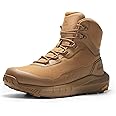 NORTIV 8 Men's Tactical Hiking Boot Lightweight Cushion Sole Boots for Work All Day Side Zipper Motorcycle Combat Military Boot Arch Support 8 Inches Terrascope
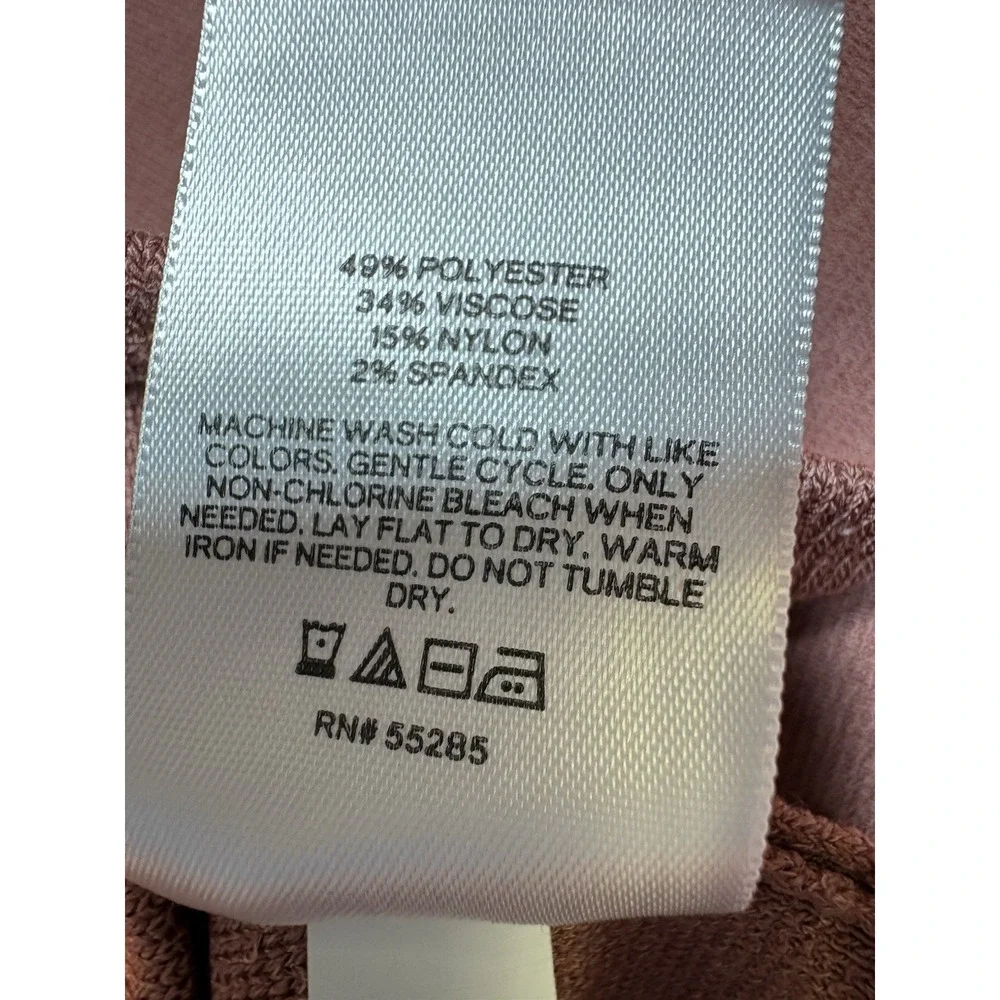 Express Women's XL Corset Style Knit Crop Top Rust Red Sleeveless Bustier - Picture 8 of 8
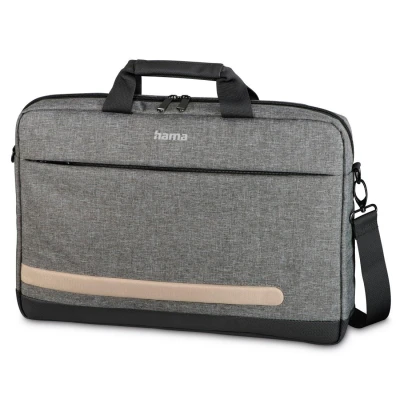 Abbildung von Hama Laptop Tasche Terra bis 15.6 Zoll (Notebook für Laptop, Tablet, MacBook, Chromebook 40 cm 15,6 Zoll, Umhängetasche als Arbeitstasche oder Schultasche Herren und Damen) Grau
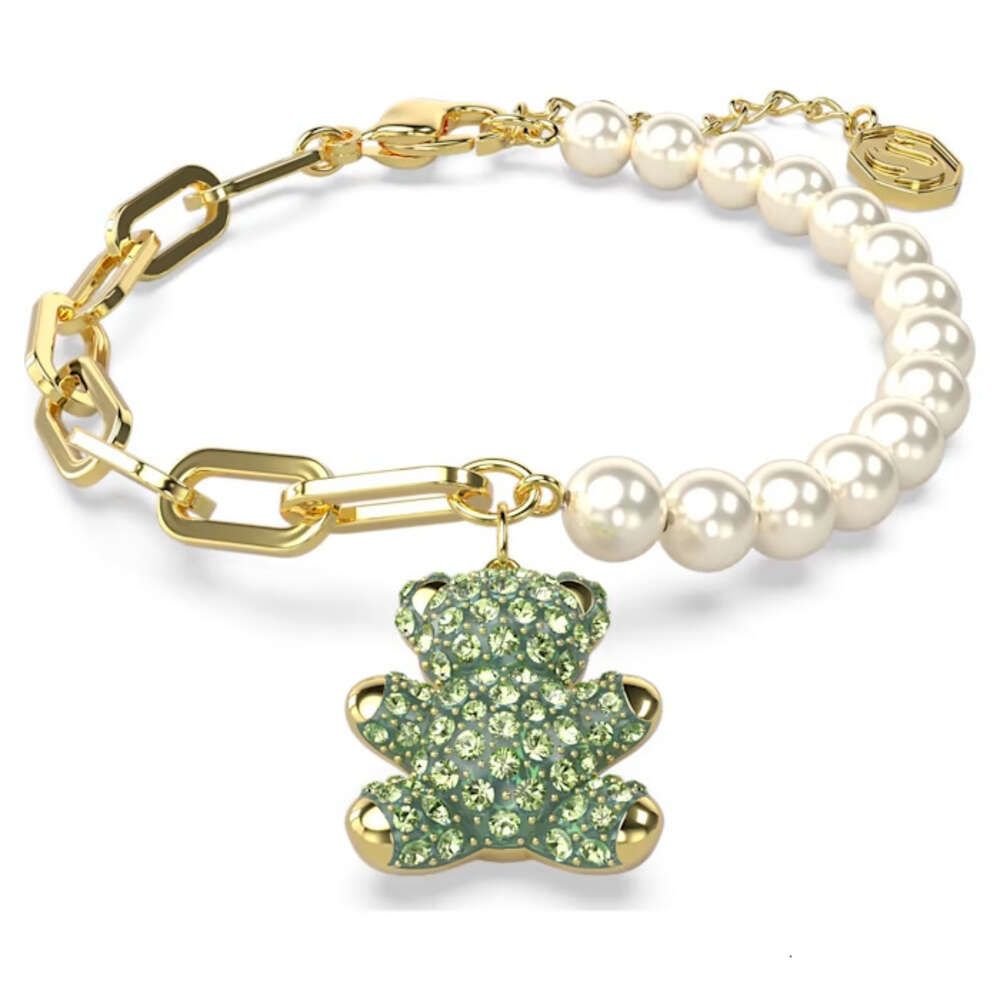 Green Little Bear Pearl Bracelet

------

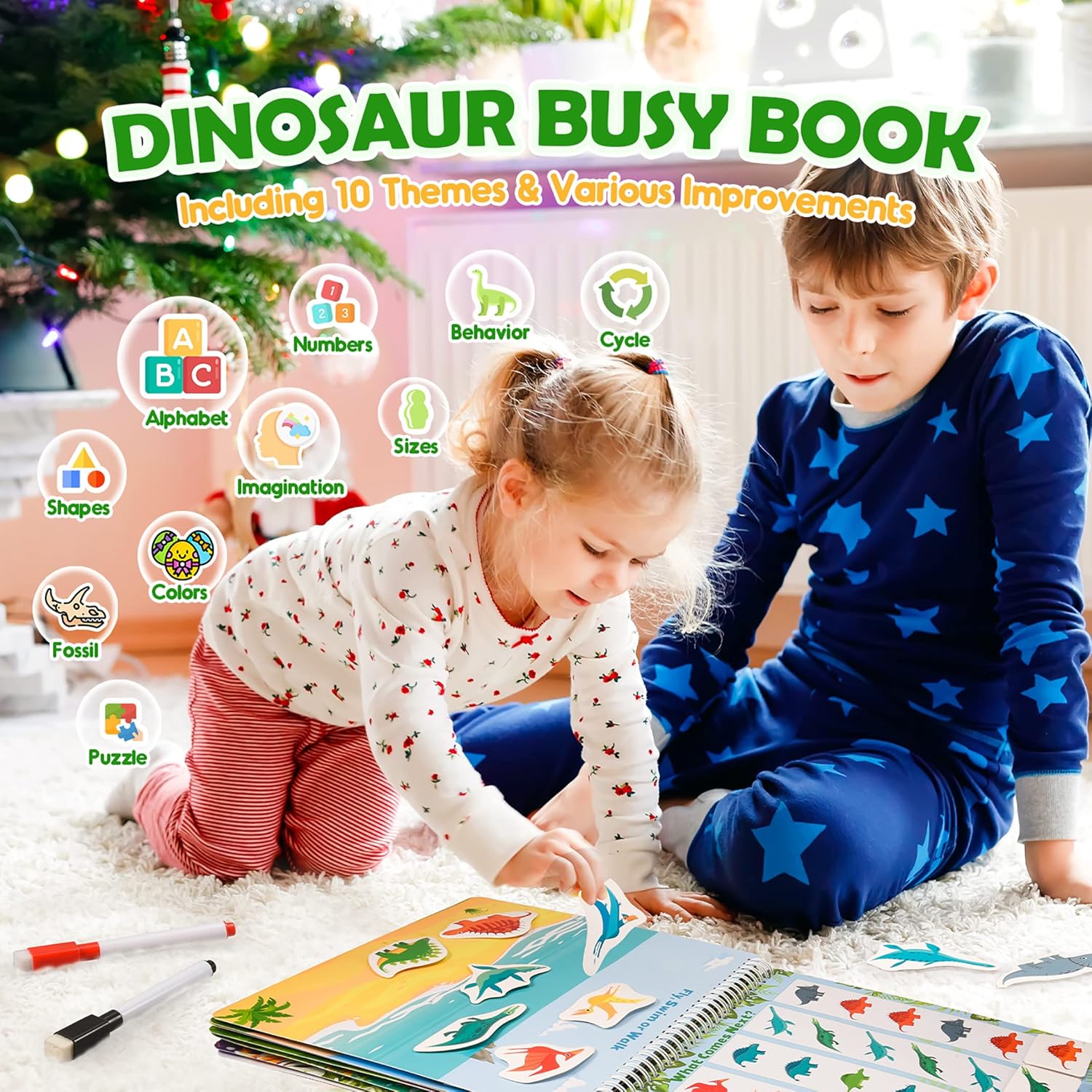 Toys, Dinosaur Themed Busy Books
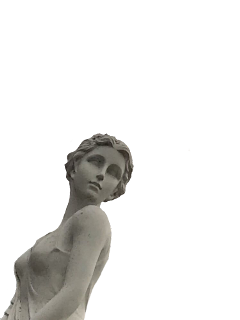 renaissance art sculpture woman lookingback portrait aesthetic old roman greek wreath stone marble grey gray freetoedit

------

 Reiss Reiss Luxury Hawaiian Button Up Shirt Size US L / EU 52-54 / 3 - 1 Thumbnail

------

#### About this task
Please transcribe exactly the part of the records that opens with the line containing "NORTIV 8 Men's" and closes with the line containing "Green Little Bear Pearl Bracelet", both ends included, and leave out the pictures.

#### Answer for the task
 NORTIV 8 Men's Tactical Hiking Boot Lightweight Cushion Sole Boots for Work All Day Side Zipper Motorcycle Combat Military Boot Arch Support 8 Inches Terrascope
 Express Women's XL Corset Style Knit Crop Top Rust Red Sleeveless Bustier - Picture 8 of 8
 Abbildung von Hama Laptop Tasche Terra bis 15.6 Zoll (Notebook für Laptop, Tablet, MacBook, Chromebook 40 cm 15,6 Zoll, Umhängetasche als Arbeitstasche oder Schultasche Herren und Damen) Grau
 Green Little Bear Pearl Bracelet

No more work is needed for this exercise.